:: WORK TO COMPLETE ::
When you return the lines below, go from the first through the line with "Juan Garrafa Framed", keep them exact, and leave out every picture.

:: SUPPLIED DATA ::
+++

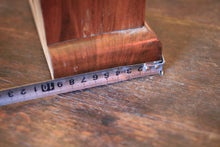 Load image into Gallery viewer, Antique Mantel Clock With Walnut Case, Glazed Door, Roman Numeral Dial &amp; Pendulum - Working - 32 x 22 x 9.5cm
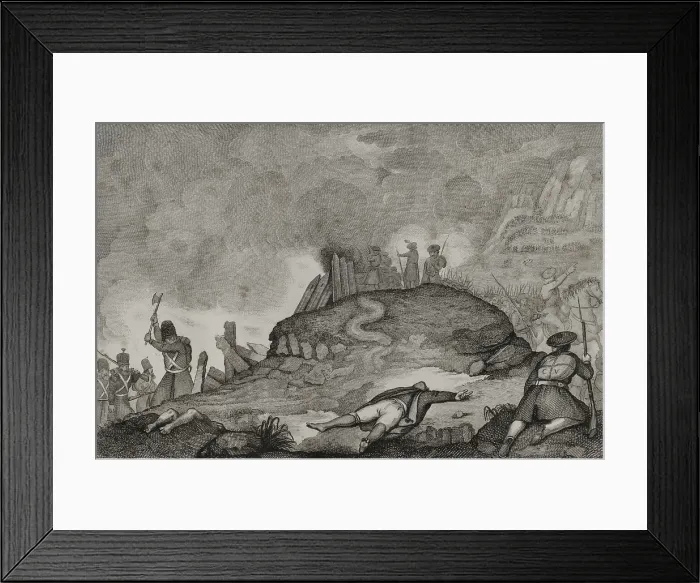 Framed Print : First Carlist War (1833-1840): Battle of Ormaiztegui (3 January 1835), 1845. Creators: Francisco Sainz, Juan Garrafa Framed Print : First Carlist War (1833-1840): Battle of Ormaiztegui (3 January 1835), 1845. Creators: Francisco Sainz, Juan Garrafa
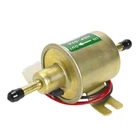 BDZMC Car Electric Fuel Pump, 12V Transfer Inline Fuel Pump, Low-Pressure Gold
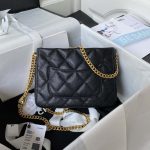 chanel as3830 small hobo handbag black calfskin gold 002 luxibags.ru .jpg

+++

:: REPLY TO THE EXERCISE ::
 Load image into Gallery viewer, Antique Mantel Clock With Walnut Case, Glazed Door, Roman Numeral Dial &amp; Pendulum - Working - 32 x 22 x 9.5cm
 Framed Print : First Carlist War (1833-1840): Battle of Ormaiztegui (3 January 1835), 1845. Creators: Francisco Sainz, Juan Garrafa Framed Print : First Carlist War (1833-1840): Battle of Ormaiztegui (3 January 1835), 1845. Creators: Francisco Sainz, Juan Garrafa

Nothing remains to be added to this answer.